→ AIM OF THE EXERCISE
Everything from the line containing "Audi cử chuyên" through the last line of the material below is to be copied exactly, ends included.

→ DATA
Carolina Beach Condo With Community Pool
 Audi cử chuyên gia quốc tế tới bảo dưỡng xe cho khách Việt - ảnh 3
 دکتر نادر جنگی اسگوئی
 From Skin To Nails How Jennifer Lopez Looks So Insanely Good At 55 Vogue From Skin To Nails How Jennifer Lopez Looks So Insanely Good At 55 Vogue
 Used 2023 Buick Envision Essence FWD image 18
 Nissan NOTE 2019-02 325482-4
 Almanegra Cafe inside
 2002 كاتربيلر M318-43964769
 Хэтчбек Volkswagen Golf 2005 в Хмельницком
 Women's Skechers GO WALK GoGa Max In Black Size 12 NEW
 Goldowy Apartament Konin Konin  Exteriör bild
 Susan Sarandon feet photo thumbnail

→ ANSWER SECTION
 Audi cử chuyên gia quốc tế tới bảo dưỡng xe cho khách Việt - ảnh 3
 دکتر نادر جنگی اسگوئی
 From Skin To Nails How Jennifer Lopez Looks So Insanely Good At 55 Vogue From Skin To Nails How Jennifer Lopez Looks So Insanely Good At 55 Vogue
 Used 2023 Buick Envision Essence FWD image 18
 Nissan NOTE 2019-02 325482-4
 Almanegra Cafe inside
 2002 كاتربيلر M318-43964769
 Хэтчбек Volkswagen Golf 2005 в Хмельницком
 Women's Skechers GO WALK GoGa Max In Black Size 12 NEW
 Goldowy Apartament Konin Konin  Exteriör bild
 Susan Sarandon feet photo thumbnail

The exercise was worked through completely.